=== EXERCISE DIRECTIONS ===
When the string "Pattern" is part of a line in the data below, report the whole line.

[Opening RECORDS SHOWN section]

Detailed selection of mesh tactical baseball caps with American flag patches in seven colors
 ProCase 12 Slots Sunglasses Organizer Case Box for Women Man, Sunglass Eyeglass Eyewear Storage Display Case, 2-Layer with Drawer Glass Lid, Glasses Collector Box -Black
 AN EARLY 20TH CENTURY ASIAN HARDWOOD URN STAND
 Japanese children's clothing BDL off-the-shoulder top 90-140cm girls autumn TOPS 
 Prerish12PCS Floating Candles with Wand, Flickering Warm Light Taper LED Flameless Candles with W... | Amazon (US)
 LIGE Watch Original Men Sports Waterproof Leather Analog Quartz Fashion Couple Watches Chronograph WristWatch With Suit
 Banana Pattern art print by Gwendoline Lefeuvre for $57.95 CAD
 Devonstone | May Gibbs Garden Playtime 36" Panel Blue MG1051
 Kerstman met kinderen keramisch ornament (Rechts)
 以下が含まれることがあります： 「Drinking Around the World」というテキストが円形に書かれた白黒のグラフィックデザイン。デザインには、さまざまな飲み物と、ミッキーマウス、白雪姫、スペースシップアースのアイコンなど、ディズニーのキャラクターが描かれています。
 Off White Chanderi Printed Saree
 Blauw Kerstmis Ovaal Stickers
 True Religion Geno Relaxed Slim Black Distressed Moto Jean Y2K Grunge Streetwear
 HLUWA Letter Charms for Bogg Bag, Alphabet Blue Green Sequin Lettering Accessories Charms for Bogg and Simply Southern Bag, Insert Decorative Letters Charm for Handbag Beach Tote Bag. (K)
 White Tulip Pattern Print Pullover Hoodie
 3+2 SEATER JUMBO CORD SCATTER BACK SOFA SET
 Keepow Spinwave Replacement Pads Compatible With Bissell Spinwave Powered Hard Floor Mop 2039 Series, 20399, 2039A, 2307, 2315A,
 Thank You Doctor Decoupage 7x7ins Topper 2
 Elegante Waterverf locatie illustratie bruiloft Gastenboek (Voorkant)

[Closing RECORDS SHOWN section]

=== ANSWER TO THIS EXERCISE ===
 Banana Pattern art print by Gwendoline Lefeuvre for $57.95 CAD
 White Tulip Pattern Print Pullover Hoodie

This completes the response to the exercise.